Dataset records:
════════════════════

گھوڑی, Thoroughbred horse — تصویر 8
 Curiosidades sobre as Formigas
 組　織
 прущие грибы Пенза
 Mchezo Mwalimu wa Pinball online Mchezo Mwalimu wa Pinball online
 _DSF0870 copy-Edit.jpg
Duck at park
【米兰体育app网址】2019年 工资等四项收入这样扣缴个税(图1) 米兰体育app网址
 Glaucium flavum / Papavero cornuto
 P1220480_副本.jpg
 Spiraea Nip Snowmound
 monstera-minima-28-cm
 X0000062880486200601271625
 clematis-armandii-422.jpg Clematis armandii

════════════════════

Exercise goal: Find the line that contains "X0000062880486200601271625". Repeat it and every line after it, exactly as written, up to and including the last line of the records above.

Worked solution:
 X0000062880486200601271625
 clematis-armandii-422.jpg Clematis armandii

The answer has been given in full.